Os lobbies da bancada evangélica e de três grandes redes de tevê tentam moldar o relatório da emenda constitucional que abre o setor de comunicação ao capital estrangeiro.
A proposta, que tramita na Câmara, deve dar uma injeção de capital aos grupos nacionais, especialmente aos endividados. Há ainda o interesse de empresas brasileiras em se capitalizar para expandir atividades.
Hoje, apenas pessoas físicas brasileiras são legalmente donas de meios de comunicação. Nunca despertou interesse um dispositivo da lei que permite a empresas jurídicas nacionais uma participação de 30%, sem direito a voto.
A bancada evangélica, que controla cerca de 60 votos na Câmara, pressiona para que entidades sem fins lucrativos possam ser proprietárias de emissoras de TV e rádio. O lobby atende especialmente à Igreja Universal do Reino de Deus, liderada pelo bispo Edir Macedo. A Igreja Universal é dona da Rede Record.
Com a medida, igrejas evangélicas poderiam usar o dinheiro arrecadado dos fiéis para comprar emissoras de rádio e tevê. Esse expediente já vem sendo adotado, mas há questionamento jurídico sobre a origem e a tributação dos recursos.
Reportagem da Folha em 18 de julho revelou que a TV Record do Rio foi comprada com dinheiro que veio de empresas sediadas em paraísos fiscais e que pertencem à Igreja Universal. O caso será investigado (leia texto ao lado).
O relator da emenda, deputado Henrique Eduardo Alves (PMDB-RN), resiste à proposta: ""Além da impossibilidade de comprovação da origem dos recursos, há aqueles que argumentam que a competição é desleal. Ocorre uma doação sobre a qual não incide imposto para uma atividade que é explicitamente lucrativa e comercial".
A outra disputa de bastidores foi travada entre a Rede Globo, o SBT e a Rede Bandeirantes. A Globo sempre foi contrária a dar direito a voto ao sócio estrangeiro. O SBT e a Bandeirantes defendiam a idéia por entender que ela tornaria a parceria mais atraente para o capital externo.
A Globo apelou a exemplos de disputas nos bastidores da telefonia para conseguir a adesão das duas redes à sua tese. Sócios estrangeiros estariam jogando pesado para tirar a influência de grupos brasileiros nas empresas de telecomunicações que foram privatizadas recentemente.
O relator Alves, cuja família é dona de um grupo de comunicação no Rio Grande do Norte, ainda não se decidiu pela questão. ""A princípio, julgo forte o argumento de que o direito a voto fortalece o interesse do capital estrangeiro em vir para o Brasil", diz.

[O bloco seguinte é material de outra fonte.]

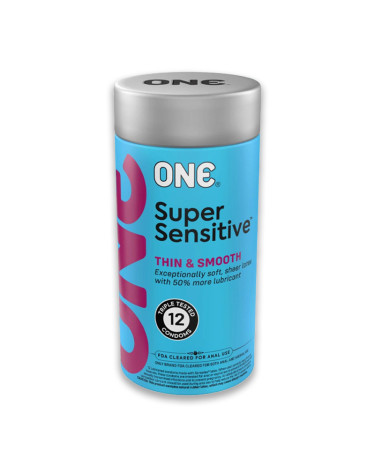 Презервативы ONE Super Sensitive 12 шт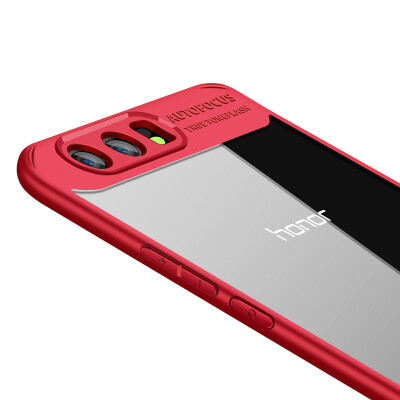 

KOOLIFE Glory 9 Case Shell Case Full Сумки Акриловая прозрачная оболочка Защита камеры Защита от кражи Корпус для Huawei Glory 9 Red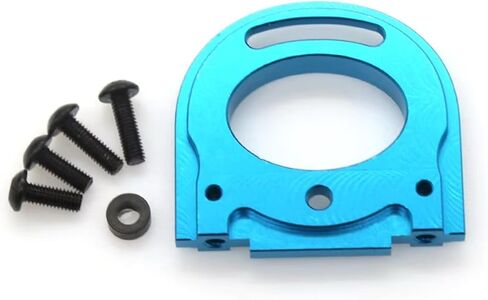 RC car Components Compatible with Tamiya for TT-02 1/10 RC Cars Upgrade Parts Modification Spare Replacement Accessories Metal Motor Mount in Kuwait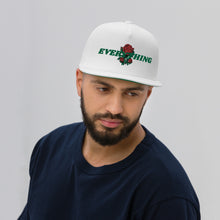 Load image into Gallery viewer, EVERYTHING ROSES SNAPBACK - GREEN/WHITE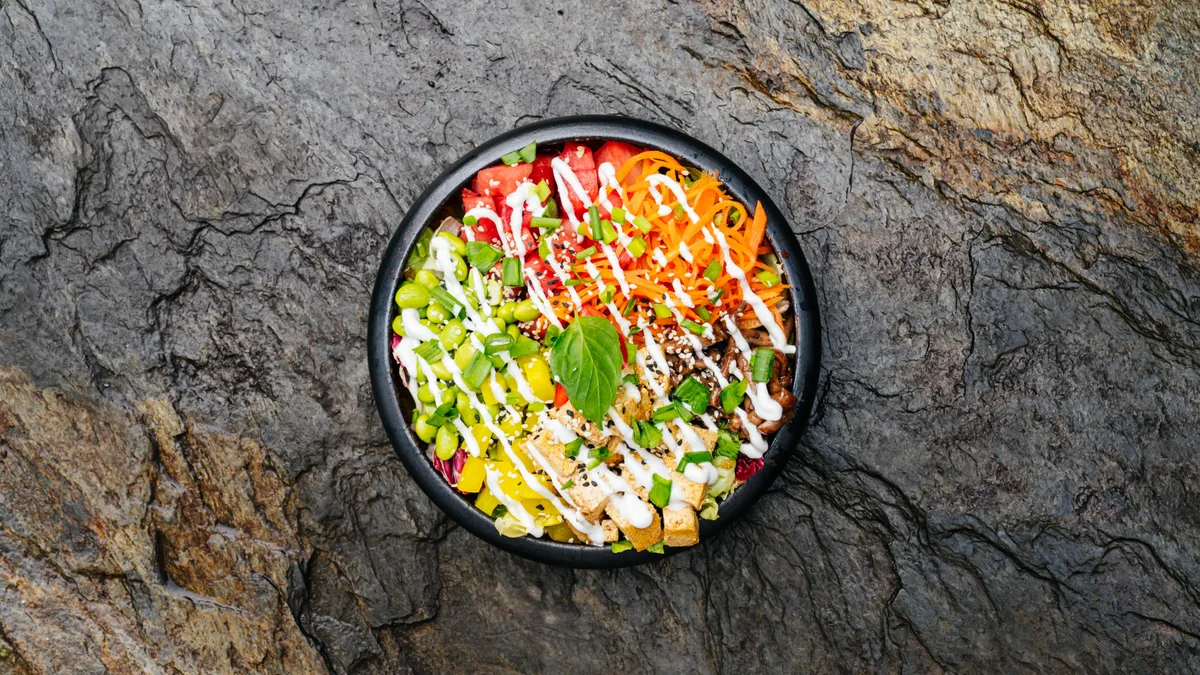 Oahu poke 🌸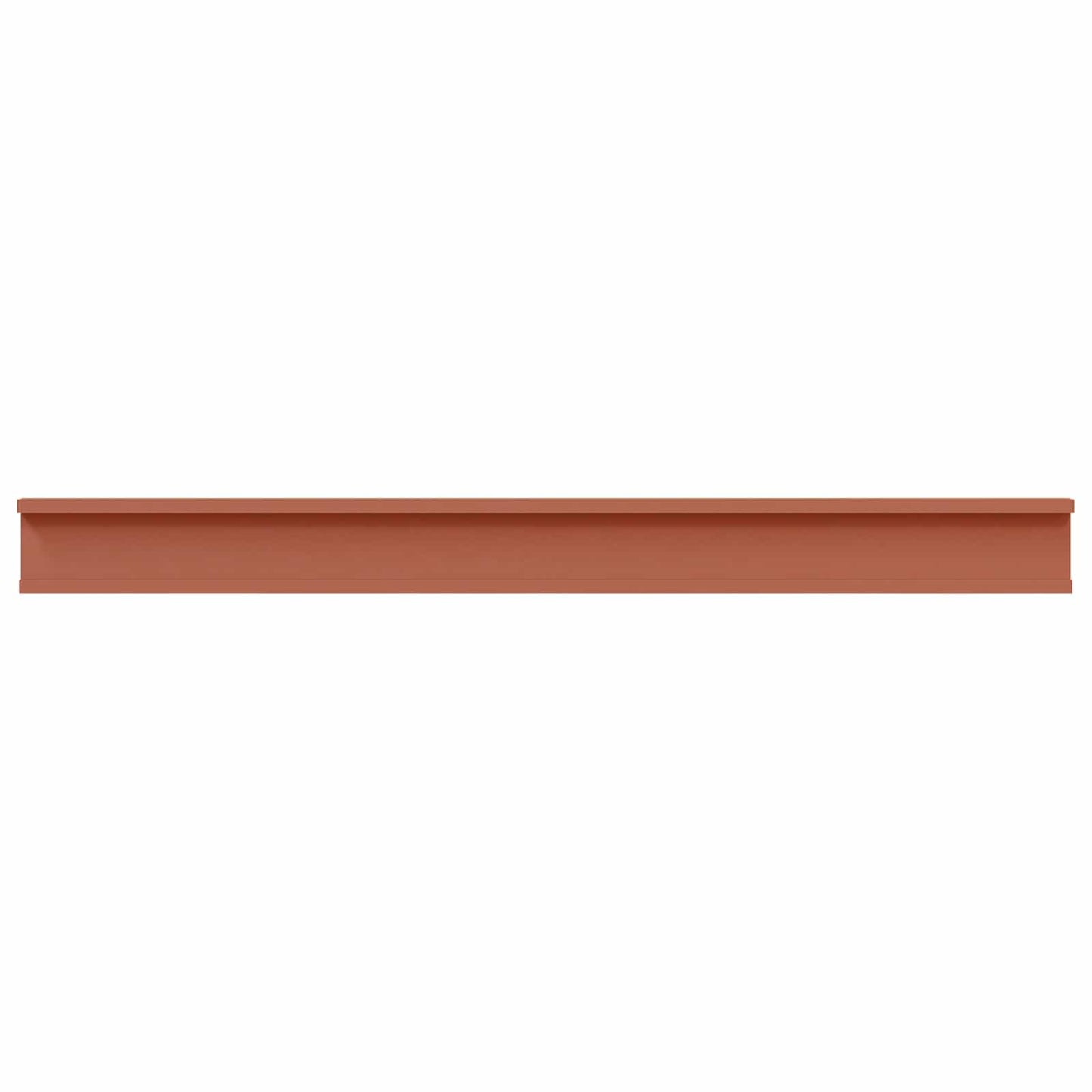 Wall Shelf 4 pcs Red 100 x 9 x 3 cm Engineered Wood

Rádios e tevês deverão ter regras diferentes das de jornais e revistas. O relator alega que fará a diferenciação porque as rádios e tevês são concessões do poder público.
O limite de participação de capital externo no setor de tele e radiodifusão deve ser de 25%. Apenas empresas de sociedade comercial, nacionais e estrangeiras, poderão ser proprietárias. Se admitir pessoas jurídicas, o relator abre a brecha para entidades sem fins lucrativos (leia-se: lobby evangélico).
Na mídia impressa, o sócio estrangeiro poderá ter até 49% do capital. A participação será aberta a qualquer empresa jurídica, nacional ou estrangeira.
O relatório exigirá reciprocidade dos outros países. Ou seja: grupos estrangeiros terão participação no mesmo percentual que exigem em seus países, desde que não sejam ultrapassados os limites da legislação brasileira.
A proposta precisa ser aprovada por 16 dos 31 votos da comissão especial da Câmara. Como é emenda constitucional, necessita ser votada em dois turnos na Câmara, com quórum mínimo de três quintos.
Depois, a emenda segue para o Senado, onde se submete ao mesmo trâmite. O interesse dos grupos nacionais e estrangeiros deve fazer com que a votação seja concluída ainda neste semestre.